What Makes a Software Company Strong Is Not Its Size
Petyo Stoyanov · April 7, 2026
Today, a small software company can do more than ever before. What makes it strong is not its size, but the way it works.
Strength is no longer measured the same way
Artificial intelligence has fundamentally changed the way software is built.
The change is not simply that AI tools now help you work faster and more productively. That is useful, of course, but to me that is not the real shift.
The real shift is that AI now creates a new kind of capacity – one that allows small software companies to build a fundamentally different operating model.
Yes, teams today are made up of both people and virtual employees.
Until recently, the strength of a company was measured by how many people it had, and capacity was largely a linear function of team size. Today, some kinds of work can be taken on by virtual employees.
What matters to me is building a system in which virtual employees are part of how the company operates.
AI as an assistant or AI as a system
This is where the human role comes in. In my view, when you work with AI-driven virtual employees, the human becomes even more important when it comes to the company’s capacity. And not only in terms of capacity, but in other ways too, which I will come to in a moment.
Founders of small software companies now have an opportunity that did not exist until recently.

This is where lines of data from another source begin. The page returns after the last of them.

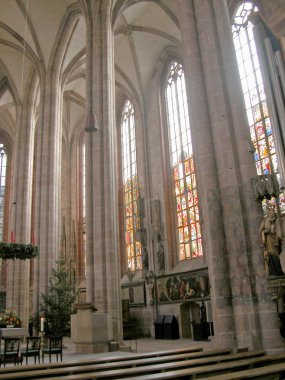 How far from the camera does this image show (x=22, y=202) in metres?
23.2

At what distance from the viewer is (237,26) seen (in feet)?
62.7

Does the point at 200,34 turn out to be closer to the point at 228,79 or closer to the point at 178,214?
the point at 228,79

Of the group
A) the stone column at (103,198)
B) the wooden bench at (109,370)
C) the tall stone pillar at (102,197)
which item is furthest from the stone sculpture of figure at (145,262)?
the wooden bench at (109,370)

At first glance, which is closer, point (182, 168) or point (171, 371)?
point (171, 371)

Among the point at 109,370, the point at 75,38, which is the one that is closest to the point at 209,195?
the point at 109,370

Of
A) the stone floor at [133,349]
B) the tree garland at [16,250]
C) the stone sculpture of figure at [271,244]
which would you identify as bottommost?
the stone floor at [133,349]

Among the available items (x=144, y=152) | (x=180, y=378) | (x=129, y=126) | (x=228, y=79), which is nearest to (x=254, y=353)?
(x=180, y=378)

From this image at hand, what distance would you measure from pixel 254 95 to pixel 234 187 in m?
9.82

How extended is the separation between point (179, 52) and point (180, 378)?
20.6 metres

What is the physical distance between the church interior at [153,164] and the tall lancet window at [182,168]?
9 cm

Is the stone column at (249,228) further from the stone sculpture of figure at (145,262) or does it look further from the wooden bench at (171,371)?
the stone sculpture of figure at (145,262)

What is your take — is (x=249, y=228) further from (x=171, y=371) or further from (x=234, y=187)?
(x=171, y=371)

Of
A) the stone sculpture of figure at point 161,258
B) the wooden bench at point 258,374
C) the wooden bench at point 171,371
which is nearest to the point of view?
the wooden bench at point 258,374

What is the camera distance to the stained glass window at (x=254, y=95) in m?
16.8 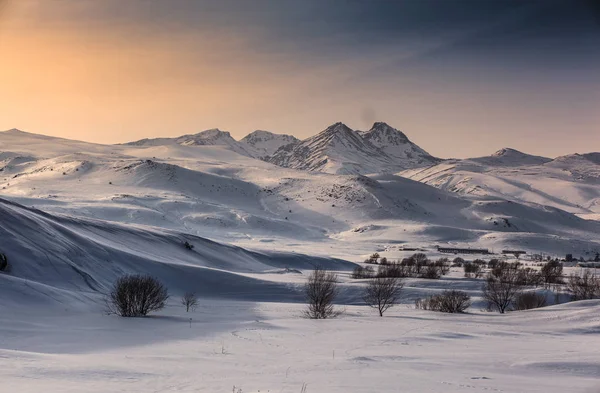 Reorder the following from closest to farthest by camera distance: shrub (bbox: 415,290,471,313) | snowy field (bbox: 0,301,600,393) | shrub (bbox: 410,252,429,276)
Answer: snowy field (bbox: 0,301,600,393) → shrub (bbox: 415,290,471,313) → shrub (bbox: 410,252,429,276)

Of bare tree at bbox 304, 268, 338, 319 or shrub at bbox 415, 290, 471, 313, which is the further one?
shrub at bbox 415, 290, 471, 313

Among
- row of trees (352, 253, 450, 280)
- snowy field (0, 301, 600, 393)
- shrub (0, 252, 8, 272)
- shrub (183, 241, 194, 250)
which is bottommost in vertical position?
snowy field (0, 301, 600, 393)

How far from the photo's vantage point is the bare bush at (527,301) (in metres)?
50.5

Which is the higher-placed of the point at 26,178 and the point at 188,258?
the point at 26,178

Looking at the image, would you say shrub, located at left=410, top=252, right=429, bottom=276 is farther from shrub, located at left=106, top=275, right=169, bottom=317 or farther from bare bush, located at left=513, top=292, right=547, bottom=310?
shrub, located at left=106, top=275, right=169, bottom=317

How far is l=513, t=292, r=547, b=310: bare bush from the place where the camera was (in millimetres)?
50531

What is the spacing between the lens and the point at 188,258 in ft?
222

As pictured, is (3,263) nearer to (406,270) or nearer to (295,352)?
(295,352)

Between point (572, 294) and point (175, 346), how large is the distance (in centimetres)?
4777

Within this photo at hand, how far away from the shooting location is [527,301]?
2005 inches

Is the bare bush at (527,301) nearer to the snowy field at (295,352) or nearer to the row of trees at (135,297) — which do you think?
the snowy field at (295,352)

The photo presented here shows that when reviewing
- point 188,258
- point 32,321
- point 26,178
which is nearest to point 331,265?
point 188,258

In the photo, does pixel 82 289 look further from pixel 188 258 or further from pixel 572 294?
pixel 572 294

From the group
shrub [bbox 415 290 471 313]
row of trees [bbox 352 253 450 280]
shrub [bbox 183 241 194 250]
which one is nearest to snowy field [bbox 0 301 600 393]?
shrub [bbox 415 290 471 313] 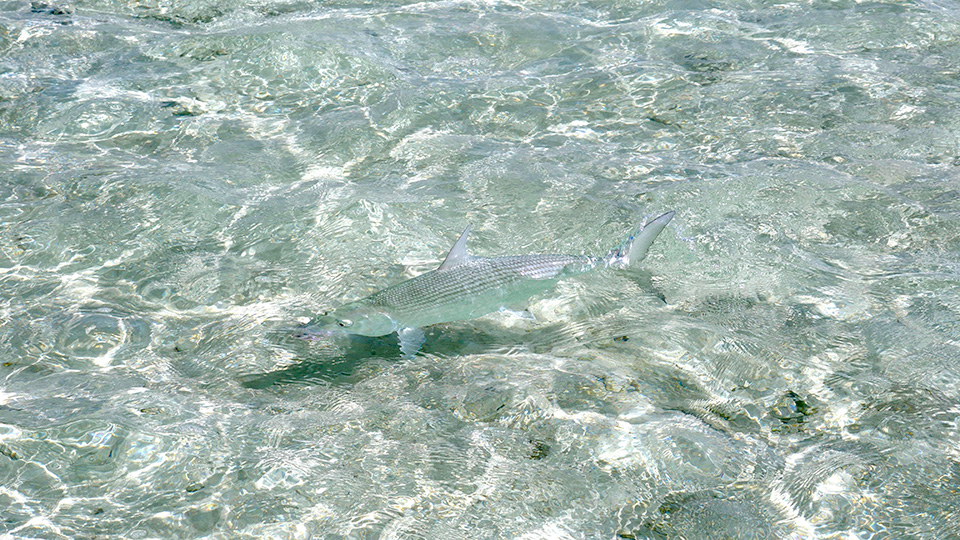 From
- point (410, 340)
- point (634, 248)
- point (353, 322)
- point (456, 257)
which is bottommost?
point (410, 340)

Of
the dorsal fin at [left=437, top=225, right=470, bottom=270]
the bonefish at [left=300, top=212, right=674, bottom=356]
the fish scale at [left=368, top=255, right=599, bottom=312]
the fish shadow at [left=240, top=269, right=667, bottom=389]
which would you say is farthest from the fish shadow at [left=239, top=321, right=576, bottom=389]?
the dorsal fin at [left=437, top=225, right=470, bottom=270]

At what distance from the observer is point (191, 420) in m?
4.48

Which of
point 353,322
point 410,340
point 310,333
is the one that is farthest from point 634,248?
point 310,333

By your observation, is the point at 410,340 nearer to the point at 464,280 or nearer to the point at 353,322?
the point at 353,322

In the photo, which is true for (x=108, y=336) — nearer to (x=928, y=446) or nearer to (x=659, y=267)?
(x=659, y=267)

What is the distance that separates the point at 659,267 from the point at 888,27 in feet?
20.3

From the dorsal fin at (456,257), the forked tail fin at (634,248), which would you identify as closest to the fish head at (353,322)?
the dorsal fin at (456,257)

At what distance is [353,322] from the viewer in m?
4.75

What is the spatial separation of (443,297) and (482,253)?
64.6 inches

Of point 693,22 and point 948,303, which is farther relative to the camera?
point 693,22

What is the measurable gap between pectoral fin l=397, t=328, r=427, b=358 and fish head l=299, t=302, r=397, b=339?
0.30 ft

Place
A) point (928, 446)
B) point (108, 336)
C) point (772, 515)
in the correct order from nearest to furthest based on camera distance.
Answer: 1. point (772, 515)
2. point (928, 446)
3. point (108, 336)

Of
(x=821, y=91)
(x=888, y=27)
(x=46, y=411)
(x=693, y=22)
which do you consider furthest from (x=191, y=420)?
(x=888, y=27)

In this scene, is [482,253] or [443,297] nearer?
[443,297] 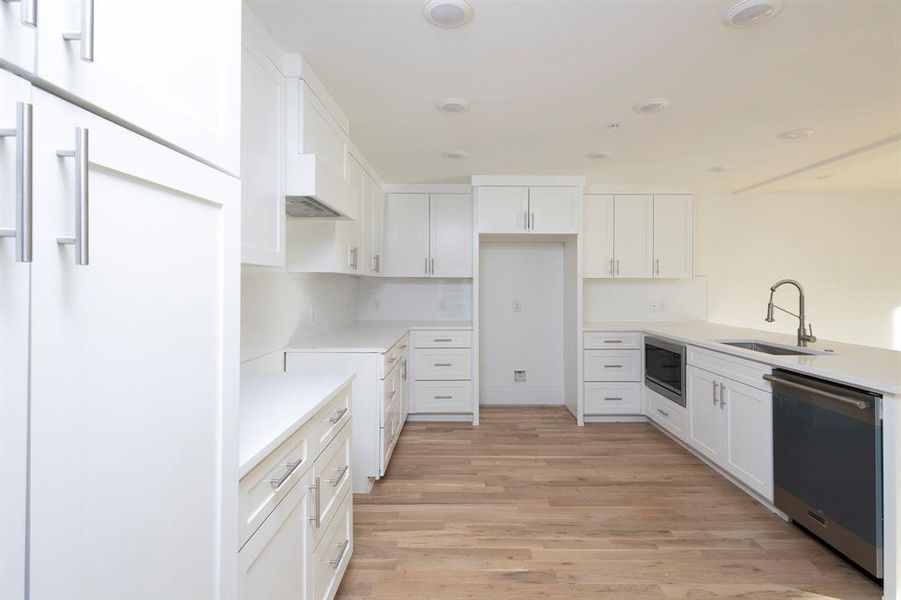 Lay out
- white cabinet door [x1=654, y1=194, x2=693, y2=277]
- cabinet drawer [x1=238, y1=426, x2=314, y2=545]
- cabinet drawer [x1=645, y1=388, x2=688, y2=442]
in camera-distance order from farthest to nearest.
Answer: white cabinet door [x1=654, y1=194, x2=693, y2=277] < cabinet drawer [x1=645, y1=388, x2=688, y2=442] < cabinet drawer [x1=238, y1=426, x2=314, y2=545]

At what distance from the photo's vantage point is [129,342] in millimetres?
567

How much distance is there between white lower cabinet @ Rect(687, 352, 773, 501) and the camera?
7.87 ft

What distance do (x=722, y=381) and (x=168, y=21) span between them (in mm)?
3229

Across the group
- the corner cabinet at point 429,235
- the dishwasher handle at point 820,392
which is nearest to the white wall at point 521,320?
the corner cabinet at point 429,235

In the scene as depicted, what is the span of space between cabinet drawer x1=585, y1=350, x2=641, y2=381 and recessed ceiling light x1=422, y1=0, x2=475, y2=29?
3.11 metres

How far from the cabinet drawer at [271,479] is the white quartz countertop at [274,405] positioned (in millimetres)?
36

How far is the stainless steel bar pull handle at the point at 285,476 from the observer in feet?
3.64

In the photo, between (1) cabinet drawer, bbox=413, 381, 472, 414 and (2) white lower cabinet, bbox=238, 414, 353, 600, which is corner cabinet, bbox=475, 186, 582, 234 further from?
(2) white lower cabinet, bbox=238, 414, 353, 600

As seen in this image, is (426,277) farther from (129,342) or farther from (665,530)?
(129,342)

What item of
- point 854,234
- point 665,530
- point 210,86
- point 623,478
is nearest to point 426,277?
point 623,478

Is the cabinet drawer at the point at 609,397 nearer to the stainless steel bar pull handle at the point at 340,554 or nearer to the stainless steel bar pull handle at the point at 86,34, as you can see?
the stainless steel bar pull handle at the point at 340,554

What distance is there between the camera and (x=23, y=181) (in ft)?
1.30

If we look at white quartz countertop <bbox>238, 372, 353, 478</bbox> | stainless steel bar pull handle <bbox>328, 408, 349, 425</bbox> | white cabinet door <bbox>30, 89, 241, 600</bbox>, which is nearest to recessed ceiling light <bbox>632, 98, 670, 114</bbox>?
white quartz countertop <bbox>238, 372, 353, 478</bbox>

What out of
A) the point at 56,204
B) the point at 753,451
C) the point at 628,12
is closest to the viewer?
the point at 56,204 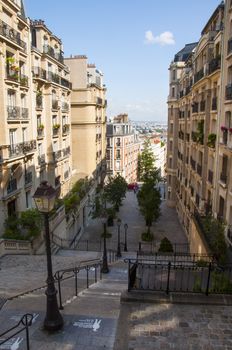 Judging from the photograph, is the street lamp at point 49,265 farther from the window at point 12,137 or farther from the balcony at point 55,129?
the balcony at point 55,129

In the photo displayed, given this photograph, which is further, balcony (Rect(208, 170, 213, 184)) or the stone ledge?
balcony (Rect(208, 170, 213, 184))

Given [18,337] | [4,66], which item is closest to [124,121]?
[4,66]

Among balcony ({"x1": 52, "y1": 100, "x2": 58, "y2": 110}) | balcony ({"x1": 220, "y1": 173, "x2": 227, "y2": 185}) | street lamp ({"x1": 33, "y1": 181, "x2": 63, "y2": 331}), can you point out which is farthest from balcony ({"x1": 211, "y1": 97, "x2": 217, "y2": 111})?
street lamp ({"x1": 33, "y1": 181, "x2": 63, "y2": 331})

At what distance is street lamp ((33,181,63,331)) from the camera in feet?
24.3

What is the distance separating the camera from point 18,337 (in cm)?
759

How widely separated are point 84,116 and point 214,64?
21441mm

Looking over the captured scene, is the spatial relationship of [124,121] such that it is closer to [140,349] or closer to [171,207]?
[171,207]

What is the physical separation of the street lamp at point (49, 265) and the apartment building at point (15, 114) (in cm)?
1273

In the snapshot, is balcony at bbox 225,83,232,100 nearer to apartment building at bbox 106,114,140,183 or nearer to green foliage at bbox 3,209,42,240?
green foliage at bbox 3,209,42,240

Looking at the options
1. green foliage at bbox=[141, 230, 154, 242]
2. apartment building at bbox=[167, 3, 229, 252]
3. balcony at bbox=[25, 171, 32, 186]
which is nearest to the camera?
apartment building at bbox=[167, 3, 229, 252]

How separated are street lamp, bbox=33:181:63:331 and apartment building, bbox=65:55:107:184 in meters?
32.2

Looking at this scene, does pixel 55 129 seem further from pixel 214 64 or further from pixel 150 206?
pixel 214 64

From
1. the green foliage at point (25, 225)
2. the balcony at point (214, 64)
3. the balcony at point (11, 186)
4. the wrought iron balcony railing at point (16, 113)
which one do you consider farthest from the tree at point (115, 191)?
the balcony at point (214, 64)

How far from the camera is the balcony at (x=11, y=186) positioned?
818 inches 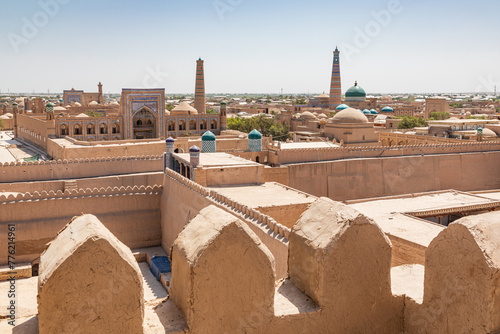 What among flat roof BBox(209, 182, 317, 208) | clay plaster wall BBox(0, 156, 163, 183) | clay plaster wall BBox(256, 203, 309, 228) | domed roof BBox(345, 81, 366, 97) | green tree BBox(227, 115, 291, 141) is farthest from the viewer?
domed roof BBox(345, 81, 366, 97)

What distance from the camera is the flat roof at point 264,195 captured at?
14312 millimetres

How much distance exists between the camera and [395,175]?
2438 centimetres

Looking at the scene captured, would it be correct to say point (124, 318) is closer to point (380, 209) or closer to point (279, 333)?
point (279, 333)

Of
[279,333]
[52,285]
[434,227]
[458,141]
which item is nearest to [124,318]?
[52,285]

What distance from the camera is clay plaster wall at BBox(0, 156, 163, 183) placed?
19641mm

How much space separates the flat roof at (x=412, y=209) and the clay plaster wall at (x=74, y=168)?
9.65 metres

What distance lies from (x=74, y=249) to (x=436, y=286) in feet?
9.42

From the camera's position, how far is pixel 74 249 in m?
3.23

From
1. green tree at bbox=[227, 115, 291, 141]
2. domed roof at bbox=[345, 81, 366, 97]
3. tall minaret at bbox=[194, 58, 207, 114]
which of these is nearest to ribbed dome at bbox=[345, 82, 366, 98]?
domed roof at bbox=[345, 81, 366, 97]

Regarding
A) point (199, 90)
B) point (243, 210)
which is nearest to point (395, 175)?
point (243, 210)

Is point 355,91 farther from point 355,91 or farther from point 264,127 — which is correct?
point 264,127

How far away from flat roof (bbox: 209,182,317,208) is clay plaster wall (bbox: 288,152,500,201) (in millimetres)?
4810

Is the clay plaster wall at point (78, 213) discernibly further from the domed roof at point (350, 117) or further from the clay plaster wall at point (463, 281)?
the domed roof at point (350, 117)

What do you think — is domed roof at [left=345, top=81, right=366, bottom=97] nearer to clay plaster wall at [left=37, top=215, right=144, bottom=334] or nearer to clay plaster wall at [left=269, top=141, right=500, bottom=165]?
clay plaster wall at [left=269, top=141, right=500, bottom=165] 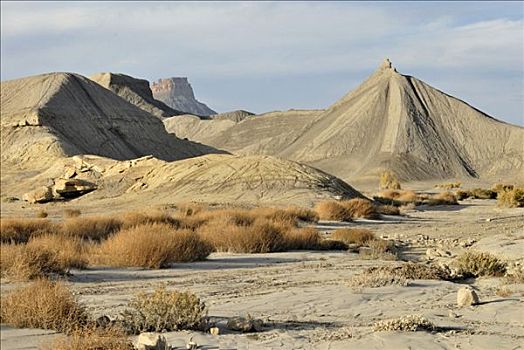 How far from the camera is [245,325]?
349 inches

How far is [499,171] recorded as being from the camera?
302 feet

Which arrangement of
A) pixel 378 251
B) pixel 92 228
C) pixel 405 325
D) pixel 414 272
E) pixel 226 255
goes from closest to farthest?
pixel 405 325 < pixel 414 272 < pixel 226 255 < pixel 378 251 < pixel 92 228

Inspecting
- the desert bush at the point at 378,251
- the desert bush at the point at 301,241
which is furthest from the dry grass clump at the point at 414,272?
the desert bush at the point at 301,241

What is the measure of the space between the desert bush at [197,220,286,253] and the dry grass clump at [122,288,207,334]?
988cm

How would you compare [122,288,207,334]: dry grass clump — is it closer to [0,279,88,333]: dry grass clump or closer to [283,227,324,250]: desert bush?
[0,279,88,333]: dry grass clump

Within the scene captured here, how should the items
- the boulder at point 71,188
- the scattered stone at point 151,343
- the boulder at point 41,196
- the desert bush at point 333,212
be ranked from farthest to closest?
the boulder at point 71,188 < the boulder at point 41,196 < the desert bush at point 333,212 < the scattered stone at point 151,343

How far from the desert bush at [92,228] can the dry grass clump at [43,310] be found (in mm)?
11806

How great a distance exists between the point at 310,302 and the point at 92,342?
16.3 ft

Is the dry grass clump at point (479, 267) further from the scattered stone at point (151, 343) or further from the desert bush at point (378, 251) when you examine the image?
the scattered stone at point (151, 343)

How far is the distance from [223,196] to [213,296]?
32.3 m

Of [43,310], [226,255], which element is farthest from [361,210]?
[43,310]

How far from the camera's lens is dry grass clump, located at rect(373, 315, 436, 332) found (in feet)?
29.4

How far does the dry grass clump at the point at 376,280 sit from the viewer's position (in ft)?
40.8

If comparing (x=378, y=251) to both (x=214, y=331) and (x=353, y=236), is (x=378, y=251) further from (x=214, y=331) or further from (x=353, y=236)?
(x=214, y=331) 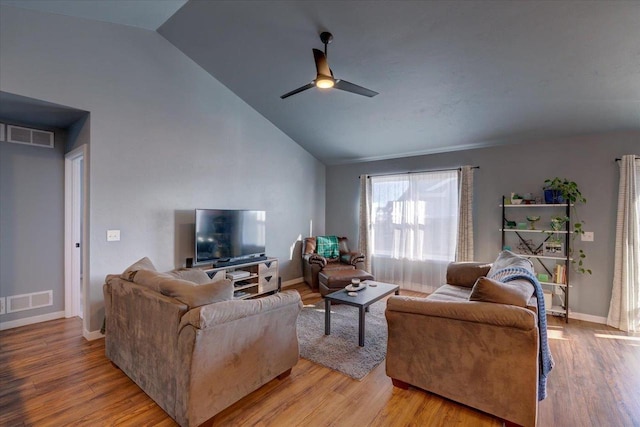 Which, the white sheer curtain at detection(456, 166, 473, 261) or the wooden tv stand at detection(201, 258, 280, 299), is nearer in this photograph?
the wooden tv stand at detection(201, 258, 280, 299)

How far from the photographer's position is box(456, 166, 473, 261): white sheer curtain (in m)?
4.73

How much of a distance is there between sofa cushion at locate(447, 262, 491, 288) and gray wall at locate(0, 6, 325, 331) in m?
3.31

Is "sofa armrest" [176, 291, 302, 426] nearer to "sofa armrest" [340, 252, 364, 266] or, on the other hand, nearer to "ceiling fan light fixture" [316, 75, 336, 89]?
"ceiling fan light fixture" [316, 75, 336, 89]

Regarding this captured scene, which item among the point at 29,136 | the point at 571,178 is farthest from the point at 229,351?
the point at 571,178

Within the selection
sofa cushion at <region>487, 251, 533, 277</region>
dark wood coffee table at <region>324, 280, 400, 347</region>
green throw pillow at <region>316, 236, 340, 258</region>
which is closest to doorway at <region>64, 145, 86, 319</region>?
dark wood coffee table at <region>324, 280, 400, 347</region>

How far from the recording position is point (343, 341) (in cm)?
322

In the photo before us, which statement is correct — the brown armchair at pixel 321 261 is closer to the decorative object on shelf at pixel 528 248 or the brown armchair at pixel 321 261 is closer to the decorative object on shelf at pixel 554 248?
the decorative object on shelf at pixel 528 248

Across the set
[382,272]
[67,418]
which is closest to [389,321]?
[67,418]

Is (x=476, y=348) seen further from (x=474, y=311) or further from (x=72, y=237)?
(x=72, y=237)

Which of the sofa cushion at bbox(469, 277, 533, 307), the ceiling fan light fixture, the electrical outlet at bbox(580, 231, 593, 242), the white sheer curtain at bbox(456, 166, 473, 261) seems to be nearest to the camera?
the sofa cushion at bbox(469, 277, 533, 307)

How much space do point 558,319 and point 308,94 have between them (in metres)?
4.70

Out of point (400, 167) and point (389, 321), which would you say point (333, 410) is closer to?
point (389, 321)

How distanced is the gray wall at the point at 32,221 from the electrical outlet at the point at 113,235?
112cm

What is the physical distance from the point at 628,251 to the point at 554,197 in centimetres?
101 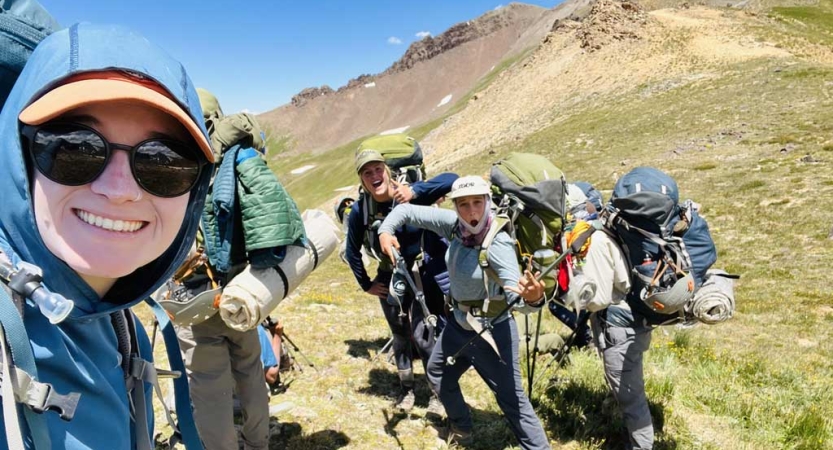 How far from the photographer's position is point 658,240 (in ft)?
13.4

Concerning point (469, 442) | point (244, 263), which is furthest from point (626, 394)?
point (244, 263)

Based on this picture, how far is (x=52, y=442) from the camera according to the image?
3.92 ft

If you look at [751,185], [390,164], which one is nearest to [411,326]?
[390,164]

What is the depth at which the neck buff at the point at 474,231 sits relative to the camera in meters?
3.77

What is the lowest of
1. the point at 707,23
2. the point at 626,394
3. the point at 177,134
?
the point at 626,394

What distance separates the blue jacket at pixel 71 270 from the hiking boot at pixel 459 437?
3602mm

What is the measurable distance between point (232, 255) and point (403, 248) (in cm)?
206

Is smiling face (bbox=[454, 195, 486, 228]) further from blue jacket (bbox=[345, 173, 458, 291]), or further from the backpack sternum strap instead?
the backpack sternum strap

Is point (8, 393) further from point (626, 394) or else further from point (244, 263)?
point (626, 394)

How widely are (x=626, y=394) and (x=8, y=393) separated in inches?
180

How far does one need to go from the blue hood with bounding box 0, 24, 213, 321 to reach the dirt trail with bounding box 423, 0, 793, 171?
35.1 metres

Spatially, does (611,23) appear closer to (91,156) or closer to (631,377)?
(631,377)

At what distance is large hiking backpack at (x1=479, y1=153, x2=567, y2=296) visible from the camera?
3.58 metres

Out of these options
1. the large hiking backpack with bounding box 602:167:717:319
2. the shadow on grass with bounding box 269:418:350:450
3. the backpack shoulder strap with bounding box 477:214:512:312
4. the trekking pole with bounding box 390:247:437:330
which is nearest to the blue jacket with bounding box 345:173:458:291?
the trekking pole with bounding box 390:247:437:330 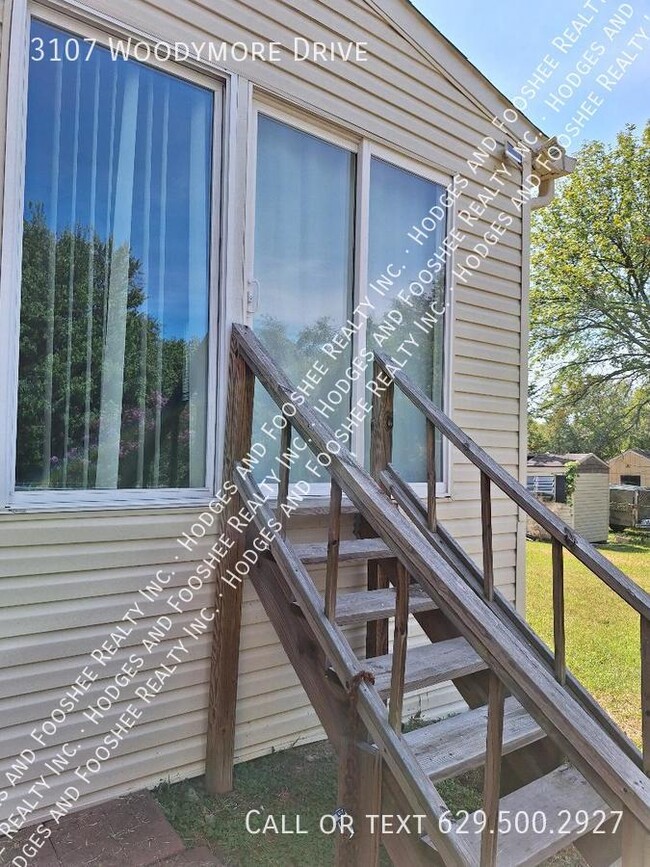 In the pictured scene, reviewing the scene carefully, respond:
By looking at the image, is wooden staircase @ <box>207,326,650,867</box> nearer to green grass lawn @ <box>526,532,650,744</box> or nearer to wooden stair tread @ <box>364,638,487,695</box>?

Imagine two founders of small software companies. The first uses individual AI tools from time to time, and for him AI is more of a chaotic helper. The second has built an entire team of virtual employees who support him-not chaotically, but as a structured system, the way it would look if those roles were performed by real people. A chief architect and a developer can be virtual employees, for example, and so can a project-specific legal advisor.
In the first case, AI is a tool that helps increase the founder’s personal capacity. In the second, AI is already part of a system in which different roles take on different parts of the work – the effect is not just an increase in capacity, but a multiplication of it.
That is why, today, I do not see AI as a helper, but as an entire layer on top of which I can structure the way my company works, the way I envision it.
When I think about how to structure the operating model, I do not start with where to insert AI. I start by thinking about what kinds of people and roles my business needs today. Then I decide which of those roles, services, or functions can be taken on by virtual employees – but only if that creates real value for me, not as an end in itself. As a result, I maintain a structure of virtual employees that looks the way it would if those roles were performed by real people.
The team is no longer made up of people alone
How do I “hire” a virtual employee?
Although I have been talking so far about the benefits of virtual employees, I want to make one thing clear: my goal is to have an optimal, not a maximum, number of employees on the team. And when I say team, I mean people plus virtual employees. For me, going to extremes would only create noise and, instead of helping, it would start getting in the way and pulling focus.
At the moment, our team includes the following virtual employees:
Mentor – my strategic advisor for the business. With him, I discuss ideas, refine messages, and think through the company’s strategic direction.
He is the “person” I sit down with first when I need to think through a business-related topic.
I use him beyond purely strategic questions as well – for example, when discussing new features for our platform. Yes, I could define a separate Product Lead role or something similar, but at this stage of the company that would feel more artificial than useful. What matters more to me is to build on something that actually works, rather than simulate a more detailed role structure that is not yet necessary.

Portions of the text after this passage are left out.